_Problem_:
Please keep the images out and set down the data exactly as given.

========================

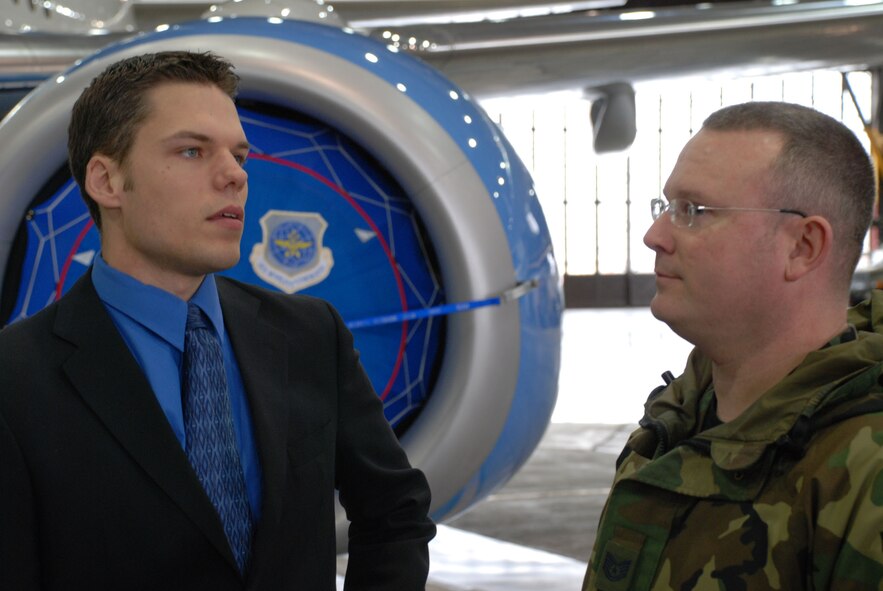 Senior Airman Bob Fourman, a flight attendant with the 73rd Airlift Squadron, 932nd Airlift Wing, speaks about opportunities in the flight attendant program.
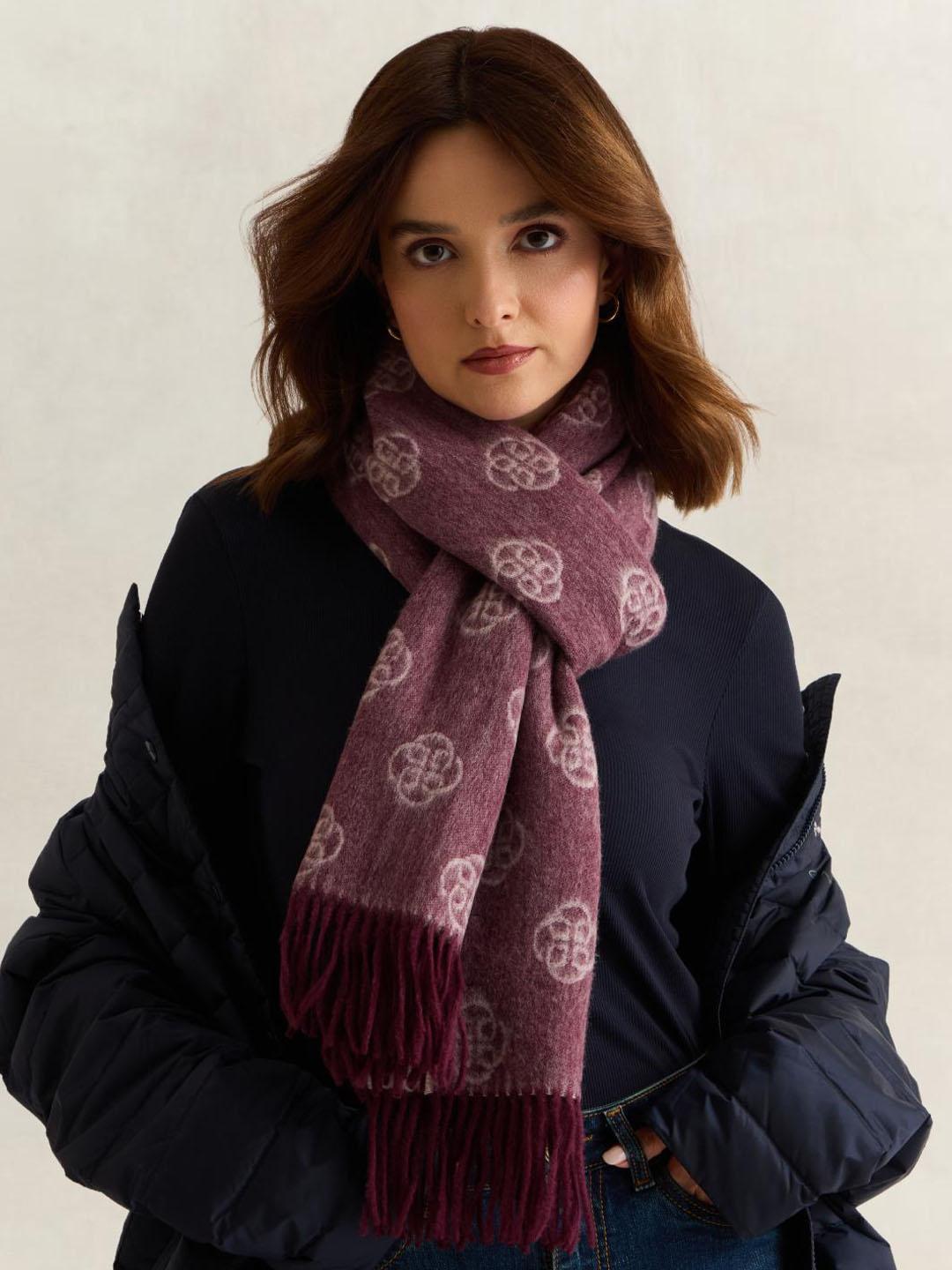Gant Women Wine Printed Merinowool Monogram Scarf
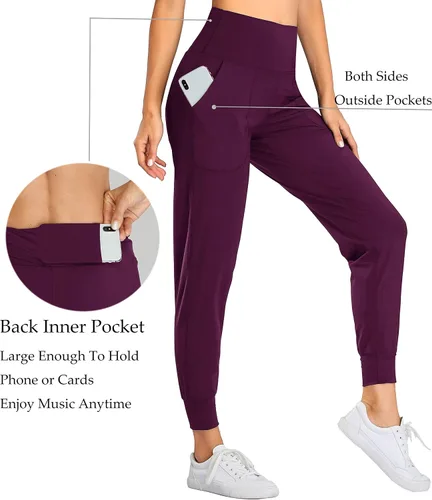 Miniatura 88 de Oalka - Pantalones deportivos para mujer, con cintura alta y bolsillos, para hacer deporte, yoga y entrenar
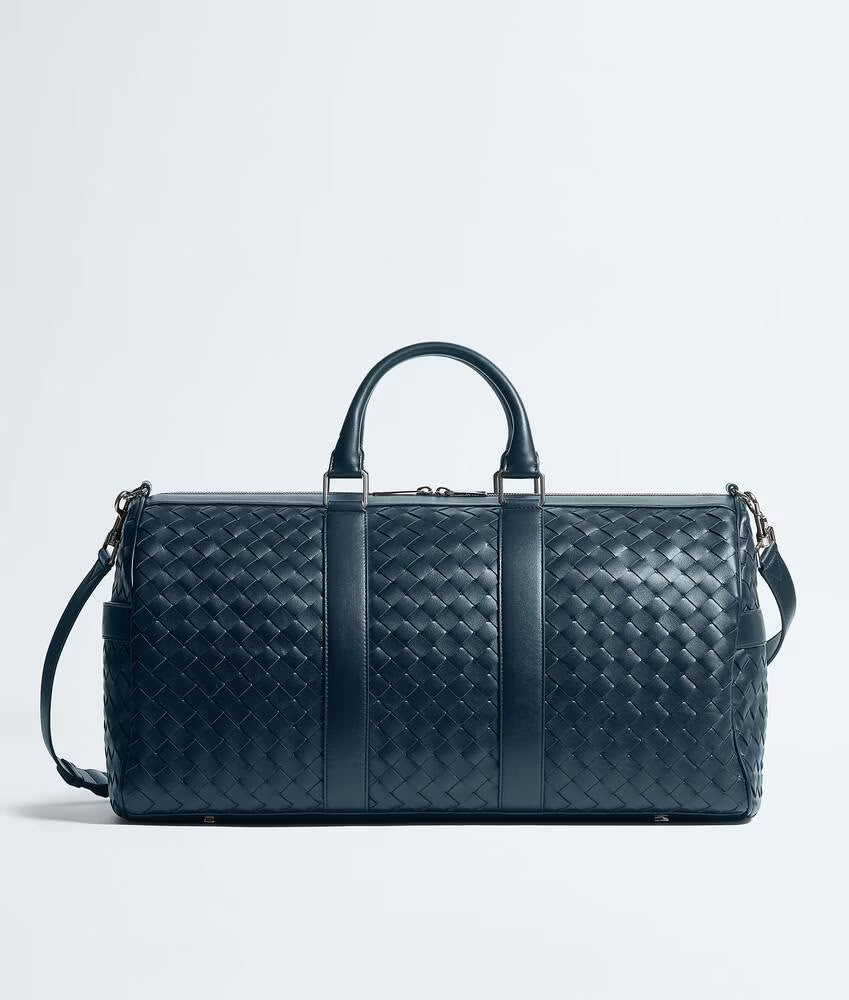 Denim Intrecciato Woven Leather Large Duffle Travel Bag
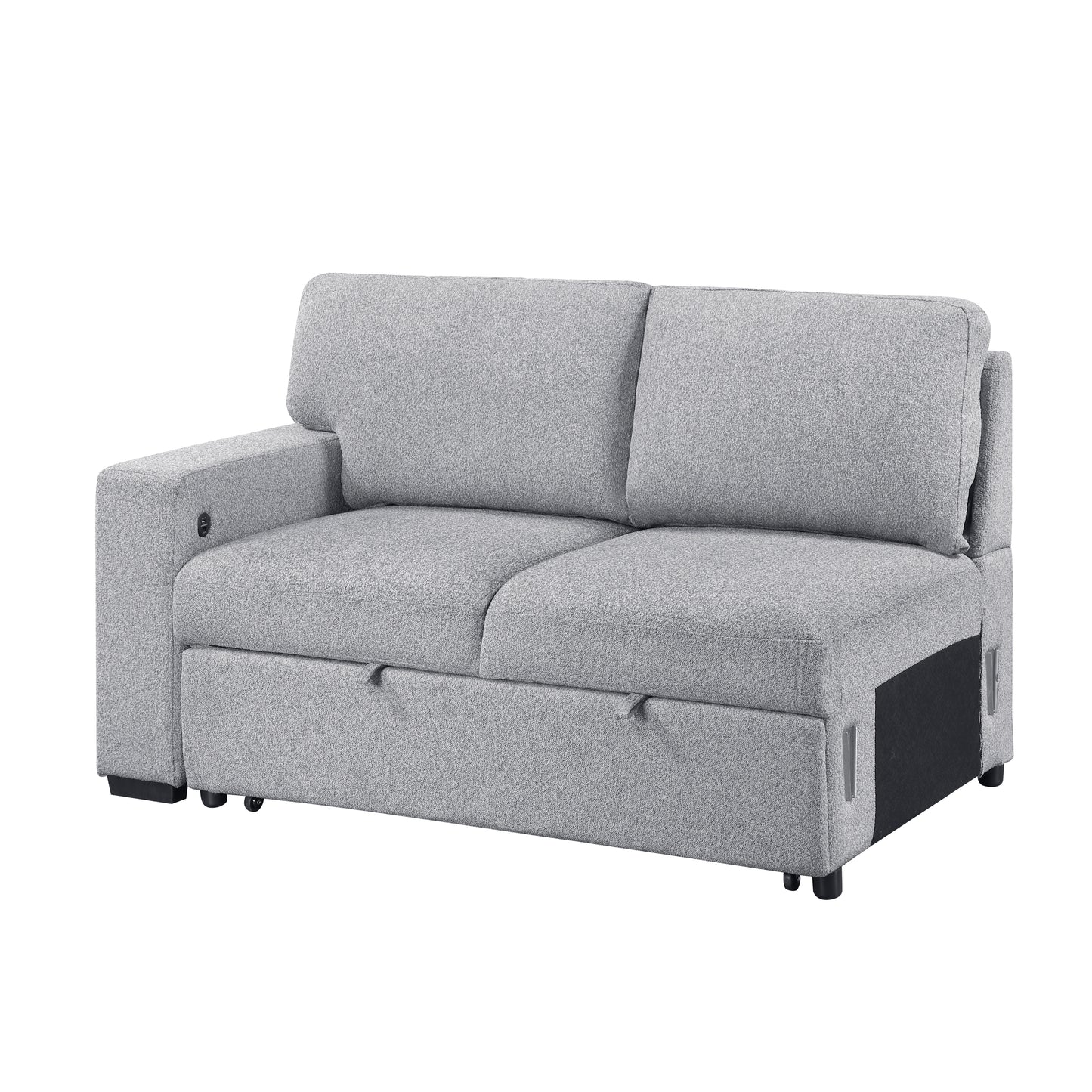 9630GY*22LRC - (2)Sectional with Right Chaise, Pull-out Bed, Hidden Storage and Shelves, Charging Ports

========================

_Exercise result_:
 Senior Airman Bob Fourman, a flight attendant with the 73rd Airlift Squadron, 932nd Airlift Wing, speaks about opportunities in the flight attendant program.
Gant Women Wine Printed Merinowool Monogram Scarf
 Miniatura 88 de Oalka - Pantalones deportivos para mujer, con cintura alta y bolsillos, para hacer deporte, yoga y entrenar
 Denim Intrecciato Woven Leather Large Duffle Travel Bag
 9630GY*22LRC - (2)Sectional with Right Chaise, Pull-out Bed, Hidden Storage and Shelves, Charging Ports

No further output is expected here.